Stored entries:
Segment Open

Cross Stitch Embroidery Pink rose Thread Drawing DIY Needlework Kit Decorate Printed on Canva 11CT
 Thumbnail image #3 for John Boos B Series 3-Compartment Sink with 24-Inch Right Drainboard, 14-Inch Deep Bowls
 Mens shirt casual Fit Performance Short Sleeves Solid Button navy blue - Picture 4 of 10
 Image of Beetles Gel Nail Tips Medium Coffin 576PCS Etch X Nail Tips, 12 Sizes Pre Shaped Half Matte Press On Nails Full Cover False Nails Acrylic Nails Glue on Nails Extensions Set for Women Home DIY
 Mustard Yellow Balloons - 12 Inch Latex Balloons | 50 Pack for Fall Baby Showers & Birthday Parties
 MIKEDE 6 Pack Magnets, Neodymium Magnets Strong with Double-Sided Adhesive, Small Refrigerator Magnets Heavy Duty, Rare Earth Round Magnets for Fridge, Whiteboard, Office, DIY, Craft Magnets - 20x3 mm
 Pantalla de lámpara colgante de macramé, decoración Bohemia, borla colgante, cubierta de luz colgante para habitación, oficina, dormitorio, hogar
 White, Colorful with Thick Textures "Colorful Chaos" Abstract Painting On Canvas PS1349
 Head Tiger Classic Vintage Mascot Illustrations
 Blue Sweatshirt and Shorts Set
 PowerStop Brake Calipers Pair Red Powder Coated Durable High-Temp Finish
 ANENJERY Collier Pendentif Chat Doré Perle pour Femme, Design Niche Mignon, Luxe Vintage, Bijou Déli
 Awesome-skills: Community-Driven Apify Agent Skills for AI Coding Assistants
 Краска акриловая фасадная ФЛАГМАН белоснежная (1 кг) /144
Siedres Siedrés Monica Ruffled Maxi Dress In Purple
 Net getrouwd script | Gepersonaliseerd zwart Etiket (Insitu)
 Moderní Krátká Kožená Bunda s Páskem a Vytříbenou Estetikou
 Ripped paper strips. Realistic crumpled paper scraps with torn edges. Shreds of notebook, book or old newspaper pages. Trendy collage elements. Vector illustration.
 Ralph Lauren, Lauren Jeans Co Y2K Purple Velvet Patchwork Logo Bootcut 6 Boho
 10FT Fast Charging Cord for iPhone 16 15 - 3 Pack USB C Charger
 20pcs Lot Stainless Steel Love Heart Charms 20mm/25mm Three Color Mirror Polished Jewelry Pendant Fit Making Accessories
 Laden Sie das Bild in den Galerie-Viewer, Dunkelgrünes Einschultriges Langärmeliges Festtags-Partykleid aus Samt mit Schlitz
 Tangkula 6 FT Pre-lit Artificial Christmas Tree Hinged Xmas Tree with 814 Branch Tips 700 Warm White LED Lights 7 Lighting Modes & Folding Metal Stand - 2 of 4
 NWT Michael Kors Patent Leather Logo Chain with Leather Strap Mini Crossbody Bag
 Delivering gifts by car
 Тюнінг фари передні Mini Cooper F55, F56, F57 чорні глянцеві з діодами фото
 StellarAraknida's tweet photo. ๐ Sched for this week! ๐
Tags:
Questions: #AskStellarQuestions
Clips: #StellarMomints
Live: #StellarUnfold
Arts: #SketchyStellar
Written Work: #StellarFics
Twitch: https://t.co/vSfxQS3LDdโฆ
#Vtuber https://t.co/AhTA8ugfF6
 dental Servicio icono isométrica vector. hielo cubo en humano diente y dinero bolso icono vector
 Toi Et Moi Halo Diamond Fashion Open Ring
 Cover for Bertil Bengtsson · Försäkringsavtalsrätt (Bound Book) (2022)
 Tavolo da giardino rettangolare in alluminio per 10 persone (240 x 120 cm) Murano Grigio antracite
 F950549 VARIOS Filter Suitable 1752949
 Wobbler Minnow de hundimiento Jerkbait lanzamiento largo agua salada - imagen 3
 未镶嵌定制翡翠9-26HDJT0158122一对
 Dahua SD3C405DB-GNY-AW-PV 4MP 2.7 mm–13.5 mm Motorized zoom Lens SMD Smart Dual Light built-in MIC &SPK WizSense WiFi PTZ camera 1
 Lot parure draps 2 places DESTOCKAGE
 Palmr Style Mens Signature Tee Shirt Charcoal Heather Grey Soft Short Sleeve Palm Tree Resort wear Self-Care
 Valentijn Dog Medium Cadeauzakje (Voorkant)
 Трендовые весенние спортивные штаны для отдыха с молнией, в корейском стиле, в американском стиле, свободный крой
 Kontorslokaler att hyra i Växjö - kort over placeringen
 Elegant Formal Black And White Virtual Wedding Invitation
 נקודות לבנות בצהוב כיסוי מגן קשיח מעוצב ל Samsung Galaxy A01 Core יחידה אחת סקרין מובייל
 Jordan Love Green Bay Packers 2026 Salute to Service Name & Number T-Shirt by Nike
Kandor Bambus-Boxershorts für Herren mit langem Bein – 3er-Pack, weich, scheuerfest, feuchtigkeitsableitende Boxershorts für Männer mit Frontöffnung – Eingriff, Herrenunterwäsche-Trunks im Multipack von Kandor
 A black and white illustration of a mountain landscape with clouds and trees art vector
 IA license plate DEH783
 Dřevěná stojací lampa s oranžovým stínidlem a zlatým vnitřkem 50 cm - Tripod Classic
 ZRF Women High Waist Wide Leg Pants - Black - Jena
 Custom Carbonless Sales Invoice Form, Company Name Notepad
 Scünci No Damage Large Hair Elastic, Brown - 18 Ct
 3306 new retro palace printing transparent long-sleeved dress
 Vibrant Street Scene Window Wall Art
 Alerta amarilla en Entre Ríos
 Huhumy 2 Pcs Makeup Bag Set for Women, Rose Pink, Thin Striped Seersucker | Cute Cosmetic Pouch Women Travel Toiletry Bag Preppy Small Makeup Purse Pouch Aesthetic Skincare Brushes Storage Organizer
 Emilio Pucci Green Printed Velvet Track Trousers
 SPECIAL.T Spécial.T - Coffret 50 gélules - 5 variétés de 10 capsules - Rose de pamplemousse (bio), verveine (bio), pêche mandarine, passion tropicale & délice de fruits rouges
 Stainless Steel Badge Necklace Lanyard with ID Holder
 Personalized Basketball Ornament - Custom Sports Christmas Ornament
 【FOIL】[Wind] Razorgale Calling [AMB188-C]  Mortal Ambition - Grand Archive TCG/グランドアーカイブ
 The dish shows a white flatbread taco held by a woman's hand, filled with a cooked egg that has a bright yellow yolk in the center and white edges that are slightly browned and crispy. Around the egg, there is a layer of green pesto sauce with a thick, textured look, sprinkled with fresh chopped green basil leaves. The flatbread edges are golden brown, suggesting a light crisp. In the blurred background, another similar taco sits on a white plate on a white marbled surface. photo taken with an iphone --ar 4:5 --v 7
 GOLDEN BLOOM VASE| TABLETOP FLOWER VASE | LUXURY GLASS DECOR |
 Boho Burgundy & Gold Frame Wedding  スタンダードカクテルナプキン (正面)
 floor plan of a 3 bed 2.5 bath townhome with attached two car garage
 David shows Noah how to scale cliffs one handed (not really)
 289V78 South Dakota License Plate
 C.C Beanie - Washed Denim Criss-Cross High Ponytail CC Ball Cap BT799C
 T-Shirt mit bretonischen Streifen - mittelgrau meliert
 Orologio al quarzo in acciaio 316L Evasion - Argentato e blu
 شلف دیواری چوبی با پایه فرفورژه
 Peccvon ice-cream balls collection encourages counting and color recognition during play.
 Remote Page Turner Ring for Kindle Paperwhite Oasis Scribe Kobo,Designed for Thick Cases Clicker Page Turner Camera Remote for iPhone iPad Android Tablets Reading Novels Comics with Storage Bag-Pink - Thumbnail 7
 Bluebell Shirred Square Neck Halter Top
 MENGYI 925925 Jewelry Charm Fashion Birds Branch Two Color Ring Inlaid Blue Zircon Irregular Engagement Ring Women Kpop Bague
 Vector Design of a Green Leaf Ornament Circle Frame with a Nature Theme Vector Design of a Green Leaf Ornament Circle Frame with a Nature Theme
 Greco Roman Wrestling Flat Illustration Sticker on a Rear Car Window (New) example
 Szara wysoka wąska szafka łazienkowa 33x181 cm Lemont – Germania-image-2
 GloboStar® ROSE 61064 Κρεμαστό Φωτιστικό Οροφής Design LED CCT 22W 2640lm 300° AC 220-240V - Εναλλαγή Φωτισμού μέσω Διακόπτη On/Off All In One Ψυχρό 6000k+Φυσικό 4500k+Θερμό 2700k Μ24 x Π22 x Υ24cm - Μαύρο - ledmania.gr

Segment Closed

> [Task brief]
Please say how many lines in the records above contain the word "Mens", giving the number alone.

> [Response box]
2